TASK PROMPT:
Beginning with the line containing "SU-30SM 150 Example 3" and ending with the last line of the entries below, copy each line exactly and nothing else.

[Stored dataset items]
▼
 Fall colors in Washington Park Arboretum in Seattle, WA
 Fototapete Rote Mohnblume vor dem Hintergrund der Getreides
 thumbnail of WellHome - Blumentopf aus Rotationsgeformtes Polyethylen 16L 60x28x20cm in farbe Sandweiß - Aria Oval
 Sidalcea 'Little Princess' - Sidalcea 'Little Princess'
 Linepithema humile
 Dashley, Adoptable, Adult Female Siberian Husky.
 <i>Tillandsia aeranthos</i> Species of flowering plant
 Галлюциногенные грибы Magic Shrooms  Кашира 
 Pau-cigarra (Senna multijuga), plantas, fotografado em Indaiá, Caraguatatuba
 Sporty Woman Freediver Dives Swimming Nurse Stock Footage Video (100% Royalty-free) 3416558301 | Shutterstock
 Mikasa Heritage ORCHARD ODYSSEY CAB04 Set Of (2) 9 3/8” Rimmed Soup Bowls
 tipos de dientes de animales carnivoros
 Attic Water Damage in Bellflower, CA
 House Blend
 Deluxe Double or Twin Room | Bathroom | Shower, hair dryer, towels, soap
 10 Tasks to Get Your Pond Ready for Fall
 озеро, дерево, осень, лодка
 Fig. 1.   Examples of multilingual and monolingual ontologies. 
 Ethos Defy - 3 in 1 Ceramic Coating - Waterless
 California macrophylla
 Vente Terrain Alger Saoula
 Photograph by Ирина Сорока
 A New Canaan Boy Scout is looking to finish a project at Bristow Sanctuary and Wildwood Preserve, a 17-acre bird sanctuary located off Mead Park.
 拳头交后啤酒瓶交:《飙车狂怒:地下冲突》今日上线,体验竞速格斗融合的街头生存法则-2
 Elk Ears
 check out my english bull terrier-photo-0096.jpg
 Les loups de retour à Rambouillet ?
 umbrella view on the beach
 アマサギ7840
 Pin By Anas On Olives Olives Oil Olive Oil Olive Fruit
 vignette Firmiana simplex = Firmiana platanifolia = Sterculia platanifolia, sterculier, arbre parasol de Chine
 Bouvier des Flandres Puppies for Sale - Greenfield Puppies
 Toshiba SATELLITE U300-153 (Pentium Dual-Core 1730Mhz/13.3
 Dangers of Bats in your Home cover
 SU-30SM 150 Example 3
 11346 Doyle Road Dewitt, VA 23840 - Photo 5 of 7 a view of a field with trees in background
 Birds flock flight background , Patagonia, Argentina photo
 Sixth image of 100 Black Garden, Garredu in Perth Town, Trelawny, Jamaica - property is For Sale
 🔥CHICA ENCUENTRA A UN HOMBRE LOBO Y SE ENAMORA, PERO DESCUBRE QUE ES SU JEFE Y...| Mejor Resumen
▲
EXERCISE RESULT:
 SU-30SM 150 Example 3
 11346 Doyle Road Dewitt, VA 23840 - Photo 5 of 7 a view of a field with trees in background
 Birds flock flight background , Patagonia, Argentina photo
 Sixth image of 100 Black Garden, Garredu in Perth Town, Trelawny, Jamaica - property is For Sale
 🔥CHICA ENCUENTRA A UN HOMBRE LOBO Y SE ENAMORA, PERO DESCUBRE QUE ES SU JEFE Y...| Mejor Resumen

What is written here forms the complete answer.